木嵜「従来の素材開発は、とてもアナログな手法で進められてきました。求められる機能に合わせて複数の原材料を組み合わせ、数百回、数千回と実験を繰り返してデータを取得していきます。それこそ無数の組み合わせが考えられるので、実験と検証に多くの時間とコストが費やされてきました。一方でMIはデータベースや人工知能を活用して素材開発を行います。データベースをもとにAIで確度の高い実験候補を出しながら実験サイクルを進めるため、従来は10年かかっていた開発期間を1〜2年に短縮できることもある。
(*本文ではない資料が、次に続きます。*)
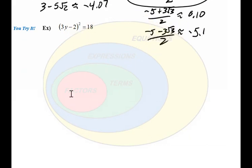You can pause the video and try this next equation, solving it using the square root property and approximating your answers. Then restart the video and I'll go through the example.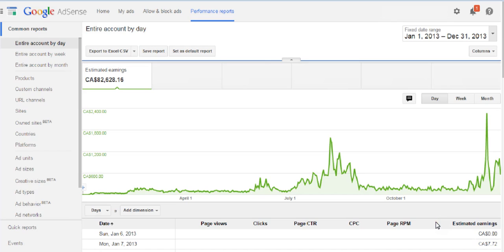Estimated earnings are how AdSense tracks your earnings — they don't finalize them until payout. Sometimes there's a small adjustment of a couple of dollars, which could be due to fraudulent clicks. For example, if someone clicked on five ads in one visit, Google might refund some of those advertisers. Generally, estimated earnings are pretty much spot on — I've found it's usually only about $2 off at month's end.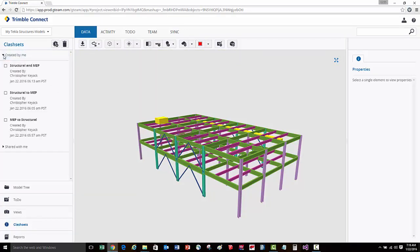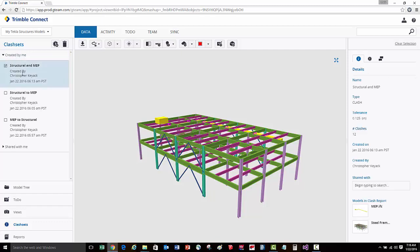We'll now review the Clash Sets created by me. We'll select Structural and MEP, and then you'll see the clashes highlighted in the model. Over here on the right, we can see in the details that there are a total of 12 clashes.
現に、トヨタ自動車が5年をかけて開発していた素材を、後発企業がMIを用いて1年で完成させてしまうケースがありました。開発期間の短縮はそのままコストの削減にもつながります。素材産業はサプライチェーン全体に関わる業界ですし、素材の進化は工業製品の進化に直結します。スマホやパソコンの小型化も素材の進化がなくては成り立ちませんでした。このように素材開発は、製造業の競争力に強い影響力を持っている産業です。競争力を維持するために、MIの普及は製造業全体が取り組むべき課題だと思います」
しかしながら、国内ではMIの導入が進んでいない。いったい何が障壁となっているのだろうか。
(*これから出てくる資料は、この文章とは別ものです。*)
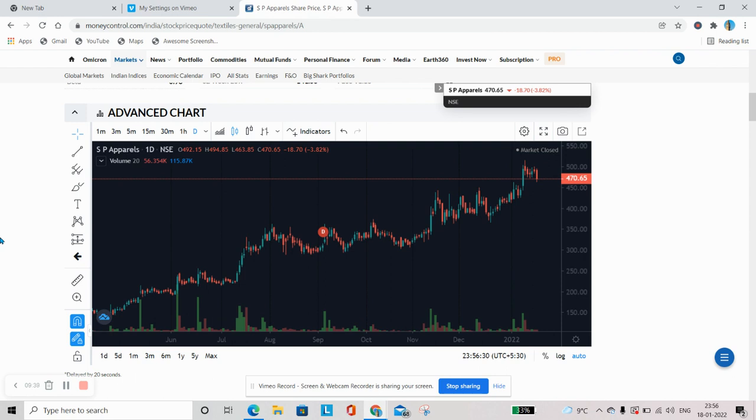So this is the first and a very basic introduction about what is technical analysis. In the next videos we will go one by one. Okay? Thank you.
木嵜「まず考えられるのが、MIが登場してまだ日が浅いことです。この技術が本格的に動き始めたのは10年前ですし、日本では2013年頃に東京大学などが研究を始めたばかり。世界的に見ても卓越したプレイヤーは存在していません。加えて、素材開発の現場では長らく直感と経験が重視されてきました。従来のやり方が『こういうものだ』と根付いているため、新しいやり方が入り込みづらいのです。また、MI に必要なデータは蓄積されていても重視されてこなかったため、保管方式や管理場所がばらつき、活用が難しい。データを扱うことが出来るデータサイエンティストの人材不足、またMIに適した解析ツールの不足も挙げられます。しかし、先述したように開発期間の短縮はこの産業の命題です。MIの導入は、今後の素材産業に欠かせない要素になるでしょう」
周知の通り、製造業は日本の経済の牽引役だ。この産業が衰退すれば、そのあおりをうけ、様々な産業が後退してしまうだろう。同社はテクノロジーを用いてこの課題を解決しようとしている。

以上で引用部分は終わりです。